What to produce:
Copy the data that follows exactly, and include none of its images.

Exercise input:
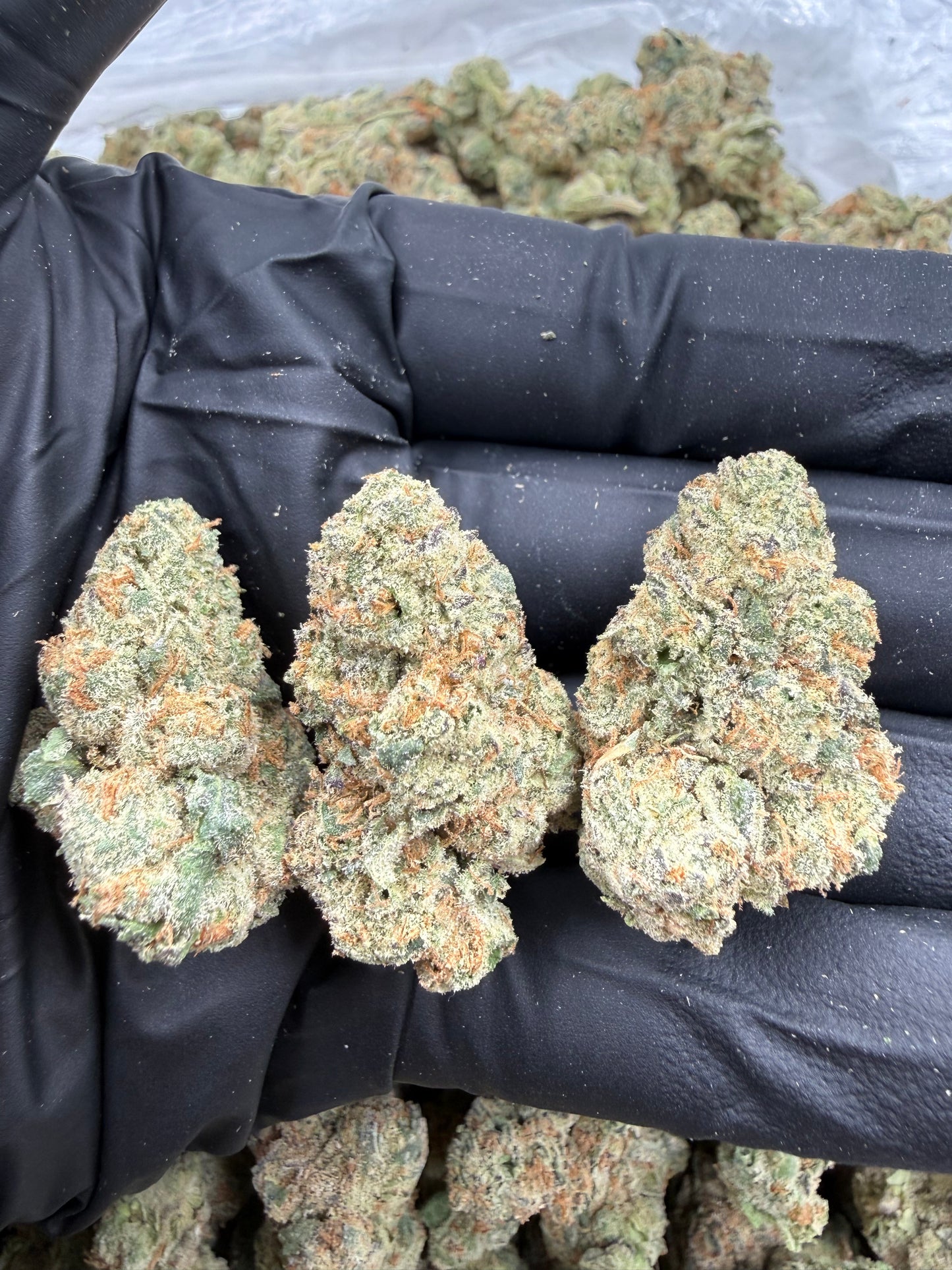 BULK THCA PREMIUM FLOWER INDOOR SOUR OG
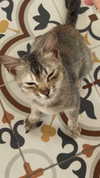 ann.shellll Altpins Profile Picture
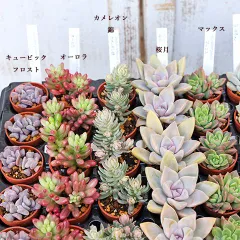 4苗セット：多肉植物 苗 1号ポット 多年草 丈夫 かわいい 庭 プレゼント ギフト 室内 寄せ植え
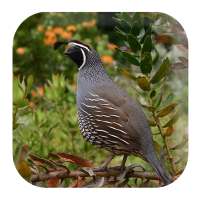 Quail Sounds on 9Apps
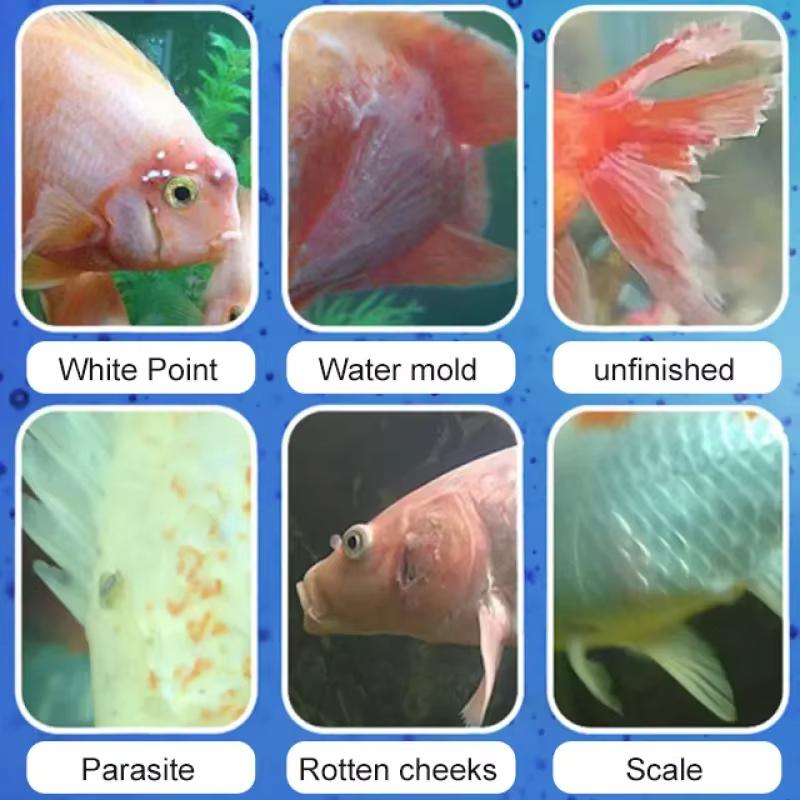 SIKEZHAN Trattamento malattie  - Aquarium Fish Medicine recensione e prezzo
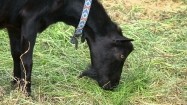 Koza skubiąca trawę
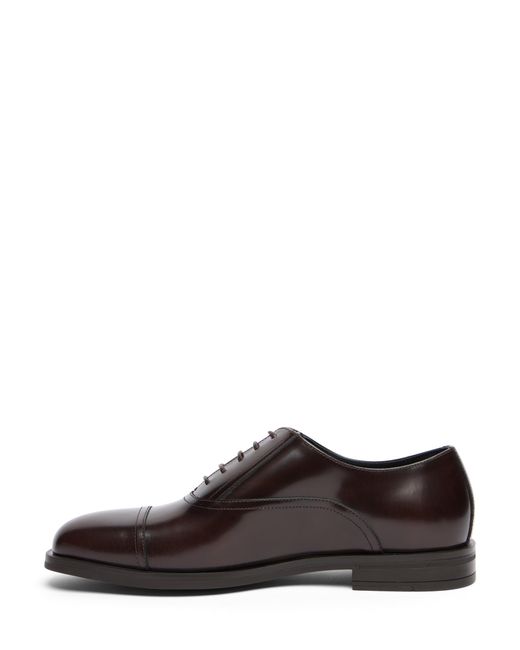 Stuart Weitzman Brown Sw Club Classic Oxford for men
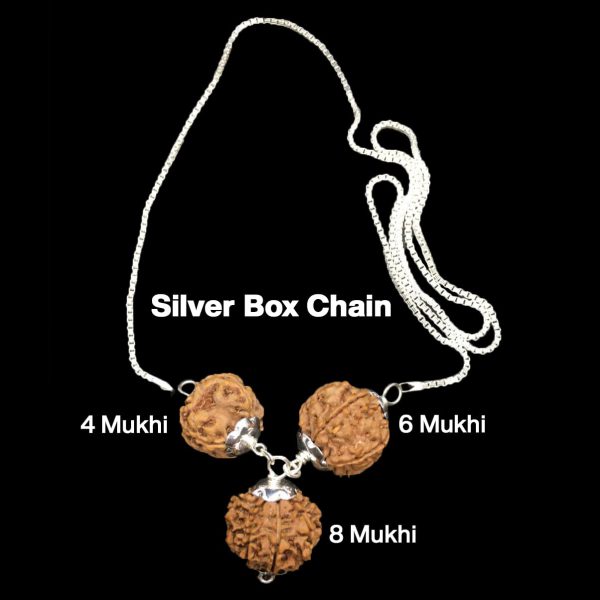 Rudraksha Combination for Advocates 4,6,8 Mukhi Nepal in Silver Chain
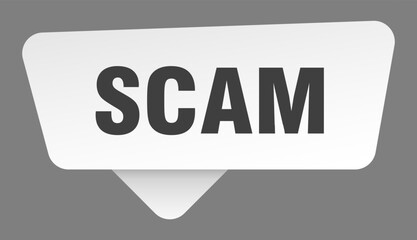 scam sign. scam white sticker isolated on gray background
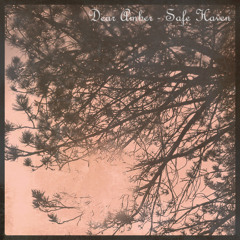 Safe Haven - EP by Dear Amber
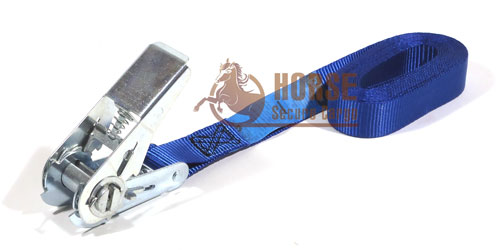 Dây chằng tăng đơ 0.8T bản 25x10m xanh không móc Dây chằng tăng đơ 0.8T bản 25x10m xanh không móc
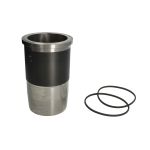 Revestimento do cilindro MAHLE 439 LW 00100 001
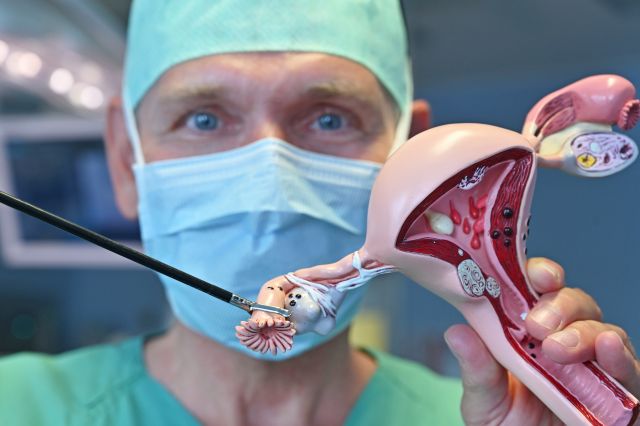 Das Bild zeigt Prof. Ingo Runnebaum, der am Modell die Entfernung der Eileiter zeigt.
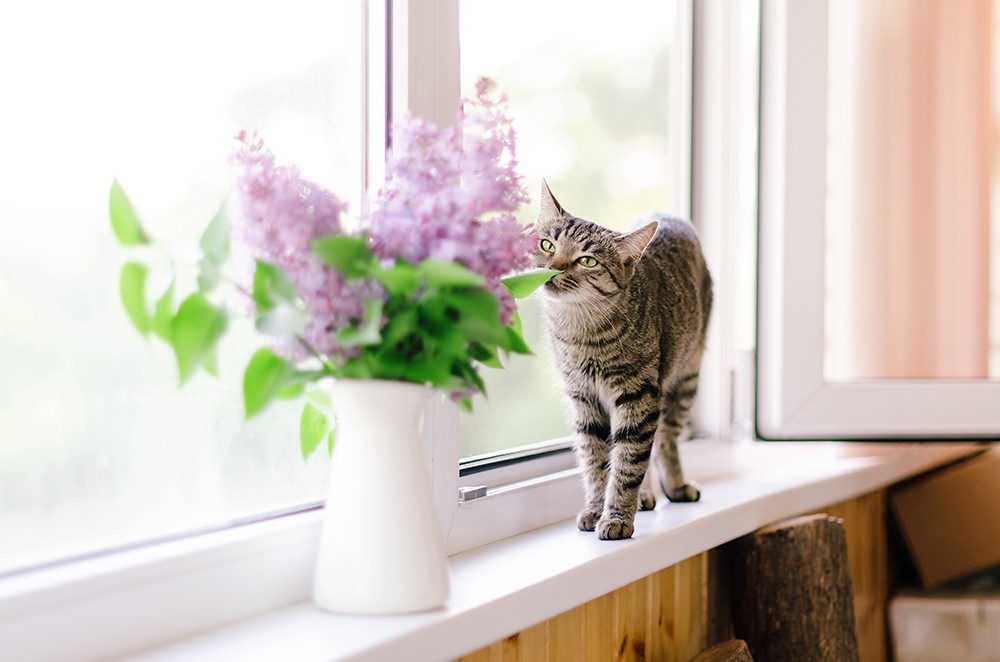 百合花超毒 绝对不可以让猫狗误食的植物列表 梦奇宠医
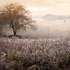 Sarah Medway Landscape photography Bough Beech Kent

Output:
 BULK THCA PREMIUM FLOWER INDOOR SOUR OG
 ann.shellll Altpins Profile Picture
 4苗セット：多肉植物 苗 1号ポット 多年草 丈夫 かわいい 庭 プレゼント ギフト 室内 寄せ植え
 Quail Sounds on 9Apps
 SIKEZHAN Trattamento malattie  - Aquarium Fish Medicine recensione e prezzo
 Koza skubiąca trawę
 Stuart Weitzman Brown Sw Club Classic Oxford for men
 Rudraksha Combination for Advocates 4,6,8 Mukhi Nepal in Silver Chain
 scam sign. scam white sticker isolated on gray background
 Safe Haven - EP by Dear Amber
 Dây chằng tăng đơ 0.8T bản 25x10m xanh không móc Dây chằng tăng đơ 0.8T bản 25x10m xanh không móc
 Revestimento do cilindro MAHLE 439 LW 00100 001
 Das Bild zeigt Prof. Ingo Runnebaum, der am Modell die Entfernung der Eileiter zeigt.
 百合花超毒 绝对不可以让猫狗误食的植物列表 梦奇宠医
 Sarah Medway Landscape photography Bough Beech Kent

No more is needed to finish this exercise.